STORED DATA >>
============
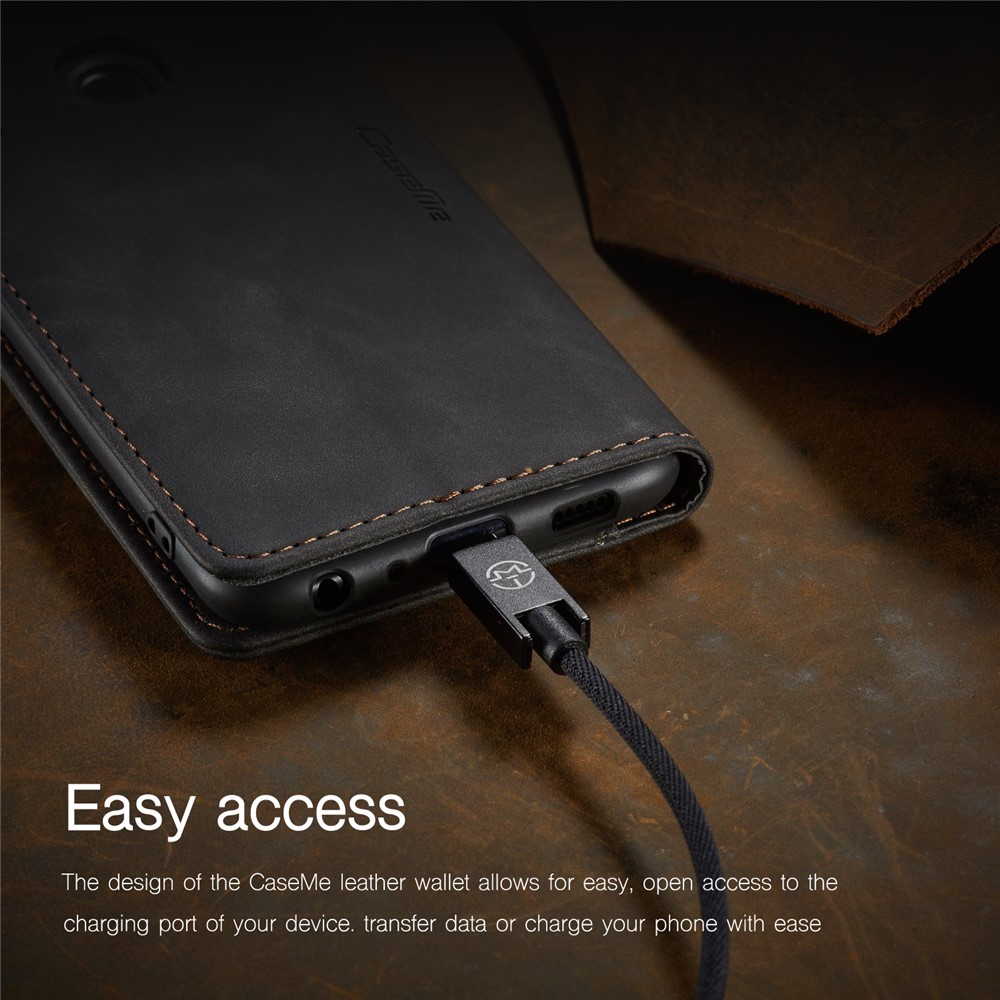 Caja De Cuero De Auto-absorción 013 CASEME Serie Con Soporte Para Samsung Galaxy A20S - Negro-21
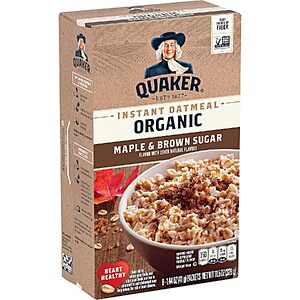 $1.91 – 8-Count 1.44-Oz Quaker Organic Instant Oatmeal (Maple & Brown Sugar)  w/ S&S + Free Shipping w/ Prime or on $35+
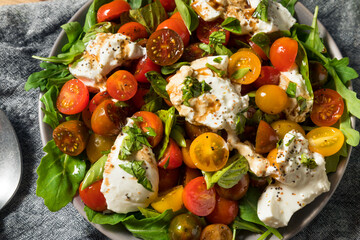 Homemade Healthy Burrata Cheese Tomato Salad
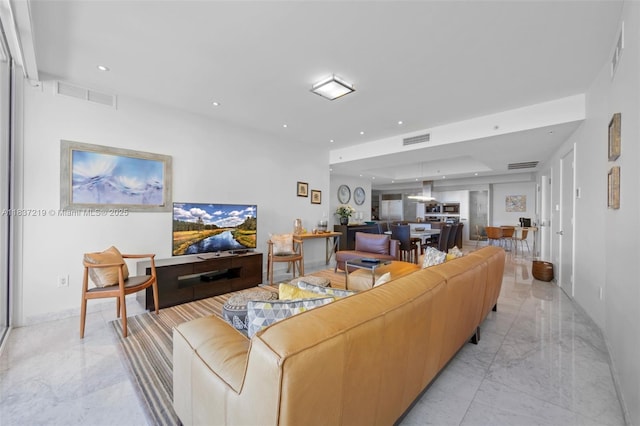 18201 Collins Ave Unit 1006, Sunny Isles Beach, FL 33160 - living room with light marble finish floors and recessed lighting
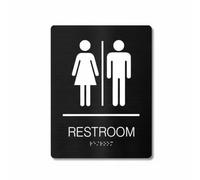 Wmqbjta Panneau Toilettes pour Accès Universel Inscription Braille Conception Signalisation de Porte pour Bâtiment Matériau Inoxydable Adaptée aux Espaces Professionnels Publics, Noir, Style B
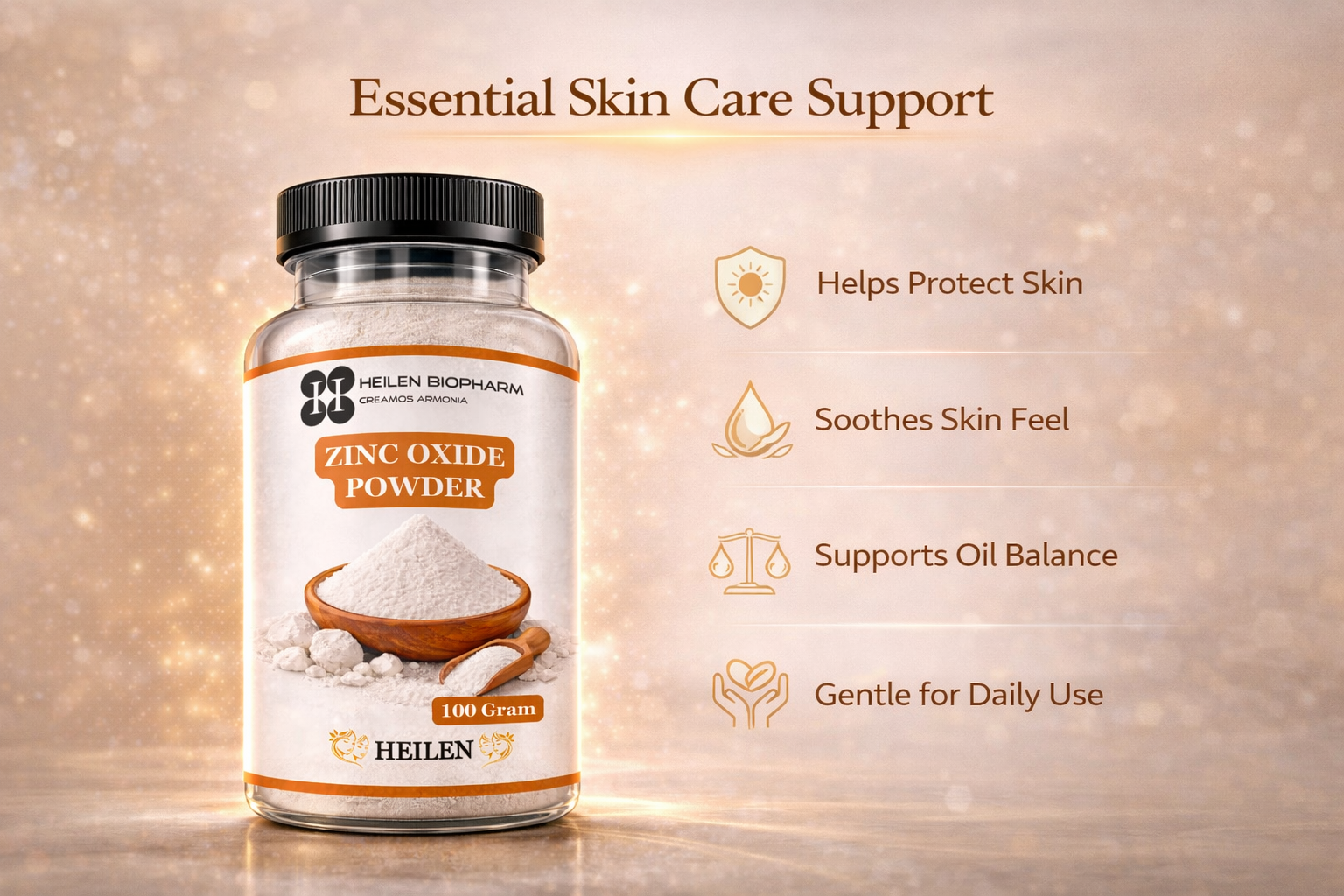 Heilen Biopharm Zinc Oxide Powder for Skin Care – 100 g | 100% Pure & Natural, Fine Grade, Multi-Purpose Cosmetic Use | Pack of 1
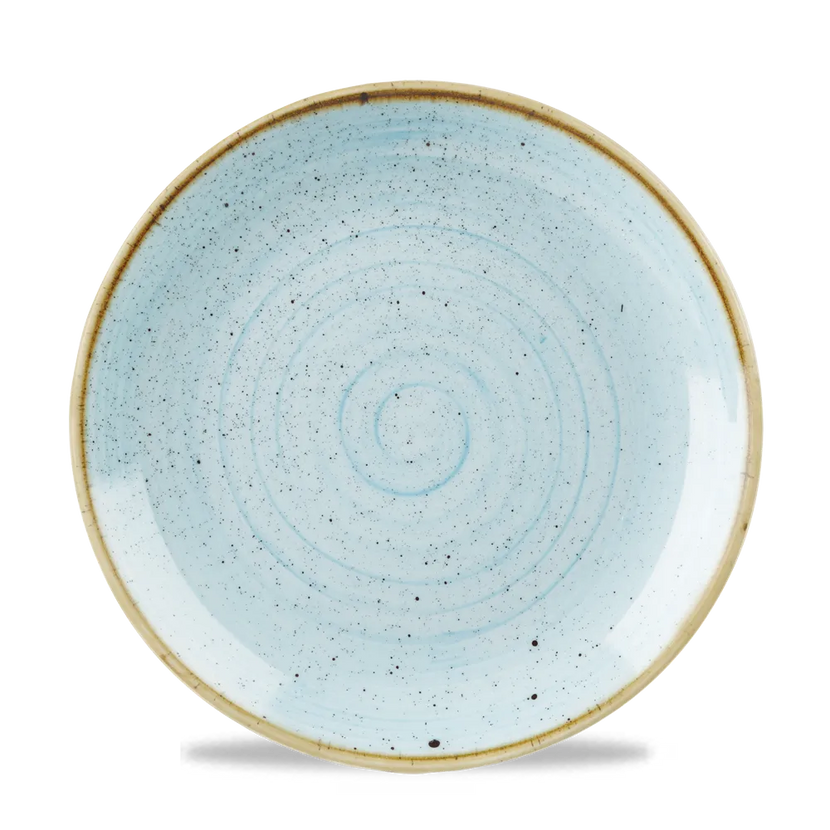 Churchill Stonecast Duck Egg coupebord Ø 22,9 cm – gespikkeld porseleinen bord voor horeca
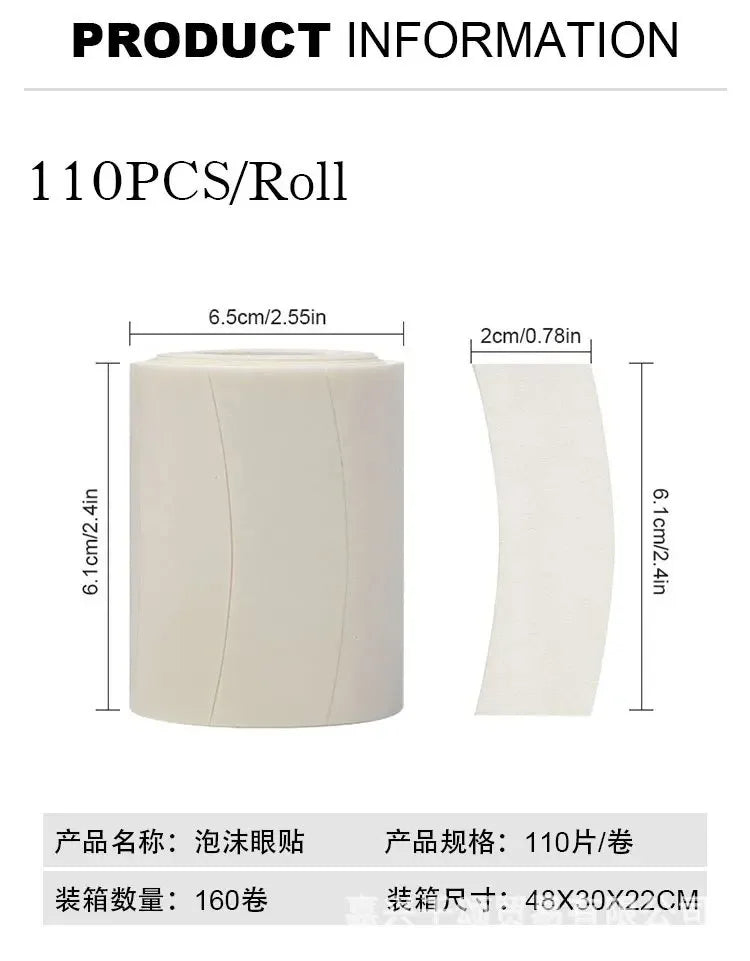110Pcs Micro Foam Eyepad Painless Lash Supplies PE Foam Eye Patch Easy Remove Tape Makeup Stickers Under Eyelash Pad Patch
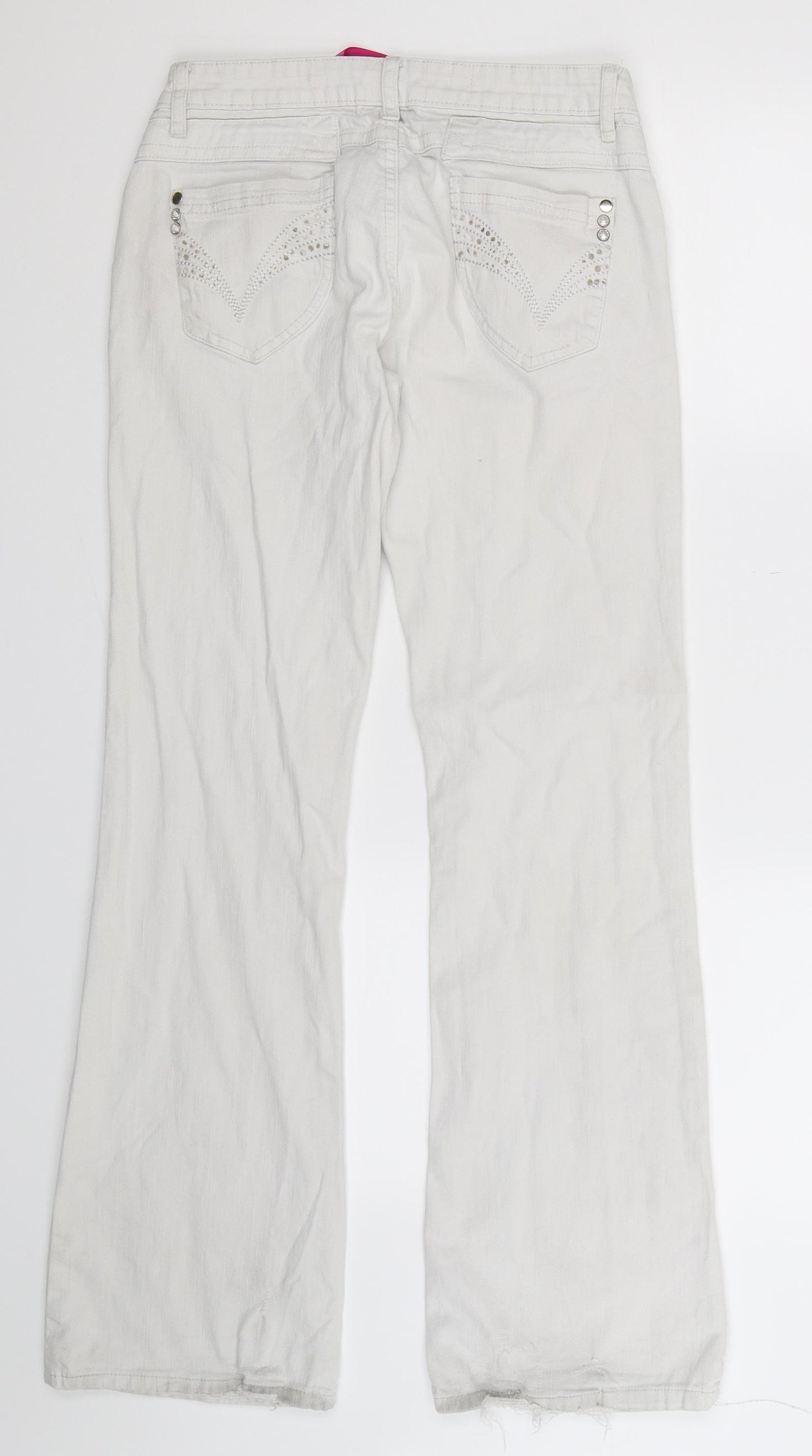 Vivid Womens White  Denim Bootcut Jeans Size 12 L31 in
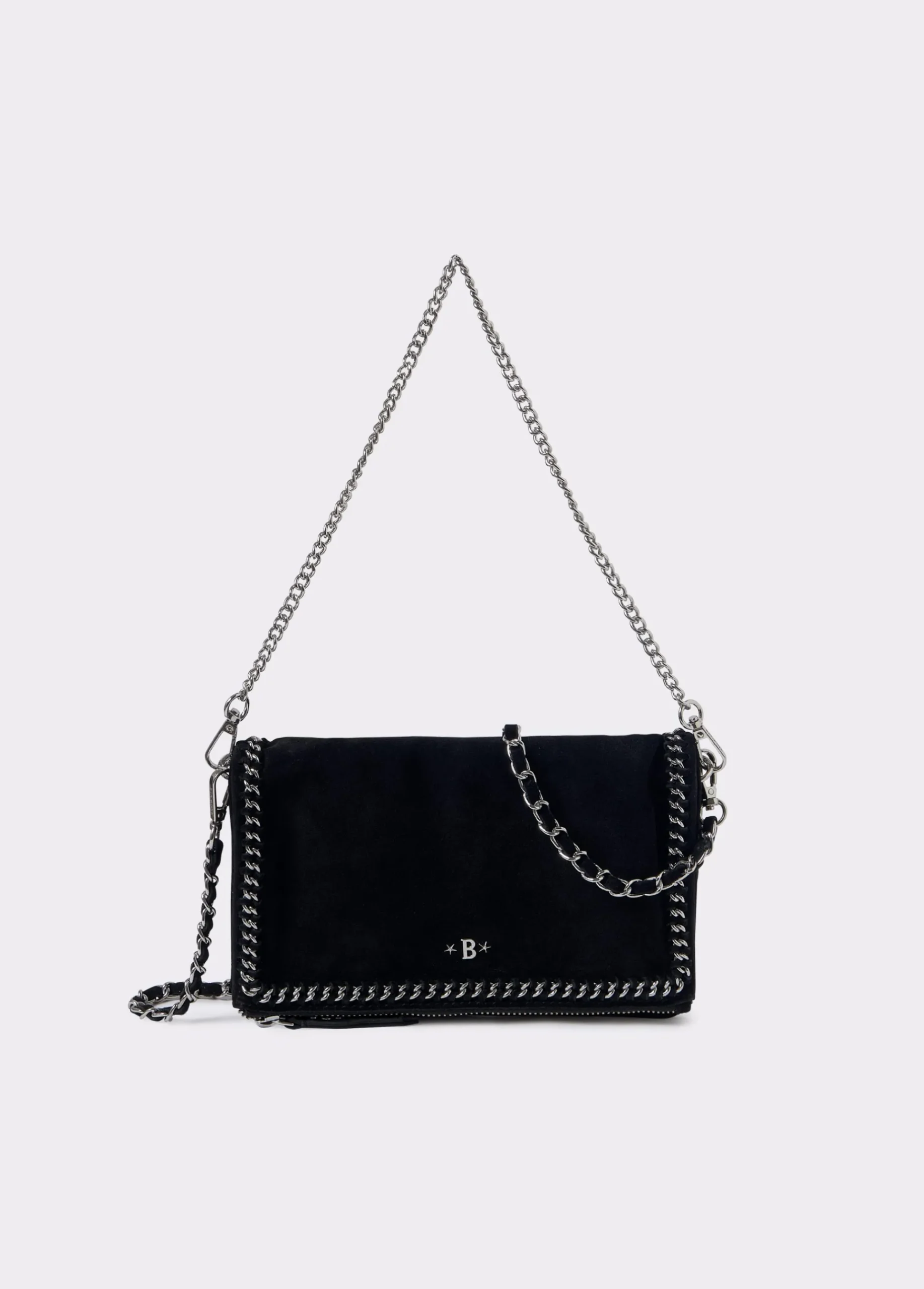 Brownie Bolsos*Bolso piel solapa cadena Negro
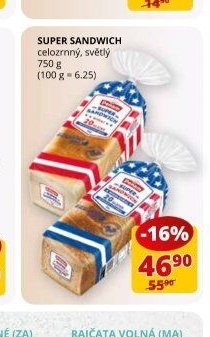 SUPER SANDWICH celozrnný, světlý 750 g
============
No picture is to appear in the copy; every entry above is otherwise to be printed verbatim.

FINISHED EXERCISE >>
 Caja De Cuero De Auto-absorción 013 CASEME Serie Con Soporte Para Samsung Galaxy A20S - Negro-21
 $1.91 – 8-Count 1.44-Oz Quaker Organic Instant Oatmeal (Maple & Brown Sugar)  w/ S&S + Free Shipping w/ Prime or on $35+
 Homemade Healthy Burrata Cheese Tomato Salad
 18201 Collins Ave Unit 1006, Sunny Isles Beach, FL 33160 - living room with light marble finish floors and recessed lighting
 Wmqbjta Panneau Toilettes pour Accès Universel Inscription Braille Conception Signalisation de Porte pour Bâtiment Matériau Inoxydable Adaptée aux Espaces Professionnels Publics, Noir, Style B
 Heilen Biopharm Zinc Oxide Powder for Skin Care – 100 g | 100% Pure & Natural, Fine Grade, Multi-Purpose Cosmetic Use | Pack of 1
 Churchill Stonecast Duck Egg coupebord Ø 22,9 cm – gespikkeld porseleinen bord voor horeca
110Pcs Micro Foam Eyepad Painless Lash Supplies PE Foam Eye Patch Easy Remove Tape Makeup Stickers Under Eyelash Pad Patch
 Vivid Womens White  Denim Bootcut Jeans Size 12 L31 in
 Brownie Bolsos*Bolso piel solapa cadena Negro
 SUPER SANDWICH celozrnný, světlý 750 g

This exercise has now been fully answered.